Below are entries. Pull out all lines containing "Image".

Short text fragments from websites
════════
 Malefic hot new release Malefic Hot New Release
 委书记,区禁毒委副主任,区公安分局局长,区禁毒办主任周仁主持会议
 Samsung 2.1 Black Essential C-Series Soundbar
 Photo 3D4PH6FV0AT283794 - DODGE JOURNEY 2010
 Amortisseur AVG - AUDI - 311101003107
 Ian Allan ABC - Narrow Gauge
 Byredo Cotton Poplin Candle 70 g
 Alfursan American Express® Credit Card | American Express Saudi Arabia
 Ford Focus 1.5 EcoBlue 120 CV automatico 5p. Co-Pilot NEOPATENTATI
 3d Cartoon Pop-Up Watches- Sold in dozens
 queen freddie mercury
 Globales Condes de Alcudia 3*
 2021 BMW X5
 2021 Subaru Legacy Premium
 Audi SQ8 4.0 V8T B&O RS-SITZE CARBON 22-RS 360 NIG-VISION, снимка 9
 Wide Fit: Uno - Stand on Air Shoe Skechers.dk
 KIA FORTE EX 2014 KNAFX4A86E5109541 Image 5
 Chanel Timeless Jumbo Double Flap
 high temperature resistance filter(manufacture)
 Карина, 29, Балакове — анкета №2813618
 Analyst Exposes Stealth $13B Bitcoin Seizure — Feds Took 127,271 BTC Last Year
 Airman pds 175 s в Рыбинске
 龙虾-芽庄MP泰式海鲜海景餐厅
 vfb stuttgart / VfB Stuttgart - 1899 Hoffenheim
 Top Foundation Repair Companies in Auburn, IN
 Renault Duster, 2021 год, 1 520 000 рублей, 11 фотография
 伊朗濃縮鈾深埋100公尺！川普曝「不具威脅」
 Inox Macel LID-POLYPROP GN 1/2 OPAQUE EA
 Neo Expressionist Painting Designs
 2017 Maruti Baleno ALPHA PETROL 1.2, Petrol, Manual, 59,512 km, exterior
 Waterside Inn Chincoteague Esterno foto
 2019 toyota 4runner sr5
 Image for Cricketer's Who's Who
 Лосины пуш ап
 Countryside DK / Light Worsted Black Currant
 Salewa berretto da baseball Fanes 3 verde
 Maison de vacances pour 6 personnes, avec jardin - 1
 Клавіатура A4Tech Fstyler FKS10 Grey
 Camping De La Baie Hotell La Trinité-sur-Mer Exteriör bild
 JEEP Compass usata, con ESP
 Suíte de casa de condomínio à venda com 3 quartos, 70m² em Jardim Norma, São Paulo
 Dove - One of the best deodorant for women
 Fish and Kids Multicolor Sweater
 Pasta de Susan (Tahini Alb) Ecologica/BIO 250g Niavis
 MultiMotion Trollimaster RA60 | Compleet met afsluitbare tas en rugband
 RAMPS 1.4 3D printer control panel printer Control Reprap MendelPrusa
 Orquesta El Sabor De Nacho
════════
YOUR SOLUTION
 KIA FORTE EX 2014 KNAFX4A86E5109541 Image 5
 Image for Cricketer's Who's Who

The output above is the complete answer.